Türk İslam medeniyetinde önemli bir yere sahip olan vakıfların Osmanlı medeniyetinde en parlak dönemini yaşadıklarını söylemek mümkündür. Osmanlıda bütün kamu hizmetleri vakıflar tarafından yapılmakta devlet ise asli işleriyle (savunma-adalet vb.) uğraşmaktadır. Osmanlının başarı ile uyguladığı bu modeli gören gelişmiş batılı ülkelerin ve özellikle Amerikanın bugün sağlık ve eğitim hizmetlerinde vakıfların önemli roller üstlendiğini görülmektedir. Osmanlının bu durumunu yakından takip eden batıllıların Osmanlının 16.yy.lı için “vakıf cenneti” tabiri kullandıkları bir çok kaynakta yer almaktadır. Osmanlının vakıf modelini ve nasıl işletildiğini araştıran Amerika’nın 20. yüzyıl başlarında ve öncesinde bu model üzerine araştırma ve incelemeler yaptığı bilinen bir gerçektir.

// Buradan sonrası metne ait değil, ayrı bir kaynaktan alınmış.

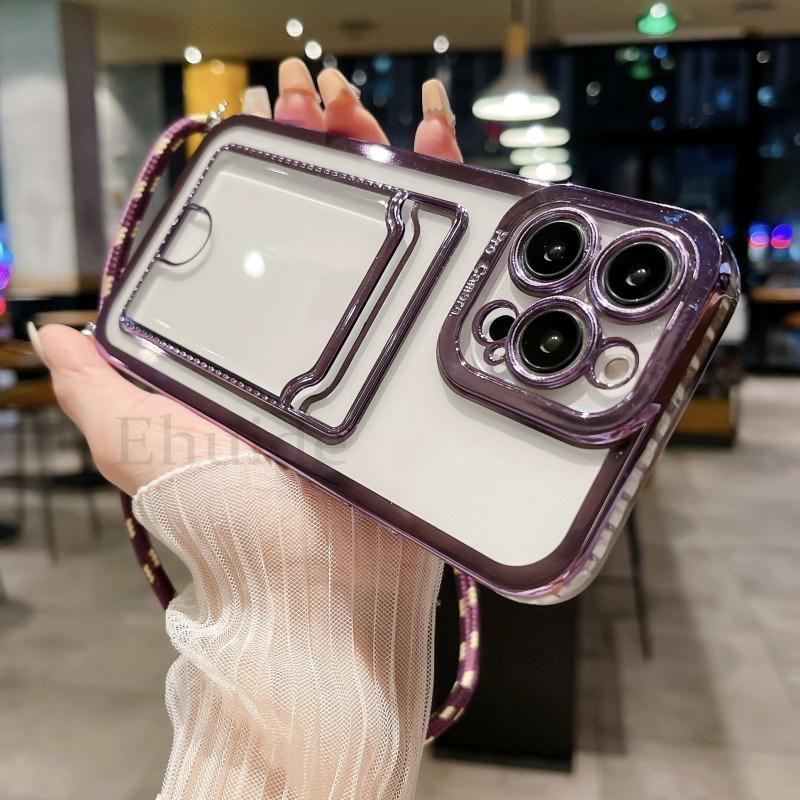 Crossbody Strap Plating Case For Samsung Galaxy A55 A35 A25 A15 A54 A34 A24 A14 S24 Ultra Lanyard Necklace Clear Wallet Cover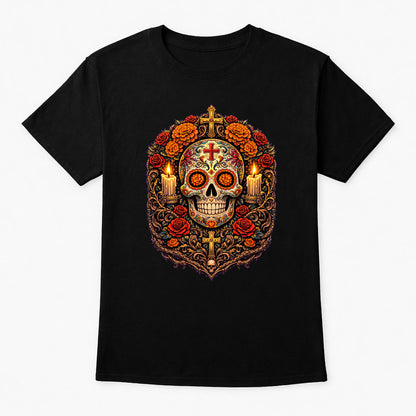 Day of the Dead Sugar Skull Roses Candle T-Shirt Unisex Gothic Dia de los Muerto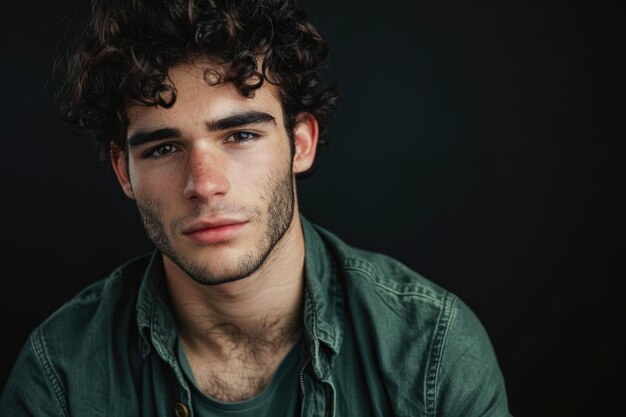 Stylish portrait of handsome young man with curly hair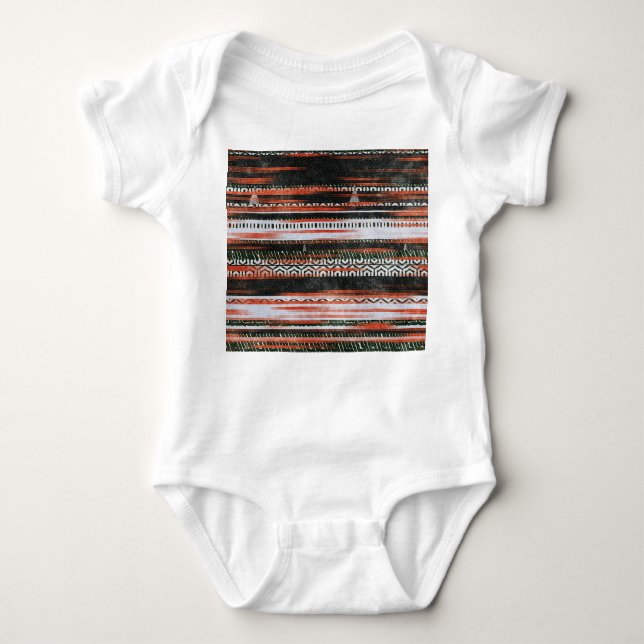 Ethnic tribal stripes: rug design. baby bodysuit (Front)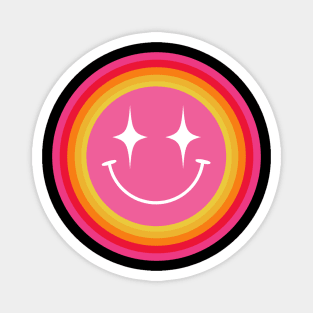 groovy smiley face with a retro circle rainbow Magnet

kendimizi ve değerlerimizi iyice inceleyip öğrensek... ülkemizde sorunlar ortadan kalkacak ....
NE MUTLU KENDİNİ BİLENE ....KENDİNİ KEŞFEDENE ...
ve YARARLI HİZMETLER YAPANLARA....
NE MUTLU HİZMETTE YARIŞANLARA ...(.Allah için...)
BAYRAM DA GÖNÜLLERİN BAYRAM ETMESİ İÇİN...GERÇEK BAYRAMI YAŞAMAK İÇİN....
YARADANA " GÖNÜLLERİN KURBAN EDİLDİĞİ " bir bayram diliyorum....
saygılarımla....
20.12.2007
sabiha küçüktüfekçi
kaynaklar:
Osmanlı Ansiklopedisi
kütüphanem.net
YORUMLAR
Sevgili Sabiha;
Yazınız hem sözcük hembilgi dağarcığımızı genişletti..O zamanlar devletin yönetim biçimi Monarşi(Padişahlıktı).O devir bu rejimi götürüyordu.Oysa şimdi artık avuçlarımızın içine sığacak kadar küçük...Demokrasini kurumları işlemesi gerkiyor... Yoksa Adına vakıf denilen (Yerli ve Yabancı kökenli) kurum ve kuruluş bırakın devleti ve insanliği yüceltmeyi tam tersine devleti yıkmayı hedefleyen faaliyetler yürütmekte ve de devlete tek kuruş vergi ödememektedirler.Olayın bu yönüyle irdelenmesinde fayda görmekteyim...
Saygılarımla...
Hz.Adem -Havva ... evlatları habil - kabil ....ve yeryüzünün İLK AİLEsi...o zamanda Allah''ın emri ile ürünlerinin dağda ki kurtlara ...kuşlara.. hayvanlara... ikramı paylaşımı ile başlayan bir süreç.. üzerinde düşünülmesi... hassasiyetle durulması .... ve hayata geçirilmesi gereken...ilk yardımlaşma...(zekat.)......ikram...günümüze kadar gelen yardımlaşma serüveni...
Yüreğinize sağlık. Selam, saygı ve sevgiler.